Manufacturing quality dies as the best solution partner Matsuno has a variety of "special elements" which make this possible. Flow analysis for predicting problems during molding, MOLD720h for 24-hour-a-day, 365-day-a-year operation, and decorative molding technique all of these contribute to making Matsuno's accurate manufacturing happen.
Today, with everything becoming thinner and smaller, precision requirements for dies have become so severe that even the tiniest problem can ruin the value of end products. We have introduced the flow analysis system Autodesk Moldflow from the United States to simulate the flow behavior of plastic melts within the die at the planning and design stage, allowing us to objectively examine beforehand any possible problems or stress on the die during molding, and to manufacture dies in both an efficient and cost-effective manner. This helps us to significantly reduce the number of design changes and post-manufacture modifications and to finish the dies without having to make several attempts.
Using CAD/CAM data, the MOLD720h system makes it possible to check work breakdown and the shape of dies on-line via PC, thus eliminating the need to do so on paper and realizing a complete parallel setup. The entire process from CAD/CAM and NC programming to cutting, measurement, and electric discharge machining has been integrated on-line, thus ensuring faultless exchange of products and data via the ID reader. The end result is literally around-the-clock, 365-day-a-year (720 hours per month) operation, with no mistakes.
Our original development, M-PROC is a brand new process control system which sets a delivery date for parts and manufacturing process two fundamental parameters for dies manufacturing - and monitors progress in the manufacturing process, thus managing manpower and machines in an optimal manner. Production lines at the three plants are monitored on a real-time basis by network cameras, so that accurate instructions may be given from a remote place. The system also incorporates various advanced subsystems, such as those for by-type balance control and shape identification.
The decorative molding technique achieves a shorter process by also processing the product surface during molding. Matsuno became the first to apply this technology to a three-dimensional curved surface, which had previously been deemed extremely difficult. This technique makes secondary working printing, pasting, coating, etc. unnecessary. Also, because of its applicability to any type of material, including Japanese paper, cloth, leather, metal, and light diffusion membranes, this technique adds to design variations, and is also capable of adding new functions, for example, using the material as an electric circuit by attaching a PCB on the back.

Our "3+1 Manufacturing Network" covers the Tokyo Metropolitan Area, Kansai, and Kyushu.
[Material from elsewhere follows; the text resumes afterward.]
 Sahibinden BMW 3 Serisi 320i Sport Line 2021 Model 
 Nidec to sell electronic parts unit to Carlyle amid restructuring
Established in April 2008, the Kiyama Plant in Saga Prefecture is our principle manufacturing base featuring the state-of-the-art equipment. Our design team at the Head Office and Plant in Higashi Osaka - the pivot of Japan's manufacturing - functions as the brain of our operations, while the Shin-Yokohama Plant serves as a contact for our customers in the Tokyo Metropolitan Area and Eastern Japan. At the Creation Core Higashi Osaka, we conduct R&D of new technology through industry-university collaborations. With each facility based in a prime location, they all demonstrate outstanding mobility.
Through industrial-academic collaboration, Matsuno is committed to R&D in the metal manufacturing category. One such example is the "polishing robot." No matter how automated dies manufacturing has become, the final "polishing" process cannot be done without the mastery of skilled craftsmen. When all the other processes were made more efficient, it was difficult to shorten the time for this key process. Working closely with the Ryukoku University Faculty of Science and Technology, Matsuno succeeded in quantifying and objectifying craftsmen's skills for "automated polishing." The development of this groundbreaking technology is close at hand.
The more automated the manufacturing process becomes, the more important the human role is in determining quality. It is not just the skills of experienced, uncompromising engineers, but also the ability to optimize manufacturing by making the most of our vast stores of knowledge and information. We are developing multi-skilled workers by encouraging engineers from different fields to learn from each other and share individual wisdom and ingenuity through daily QC circle activities and research work.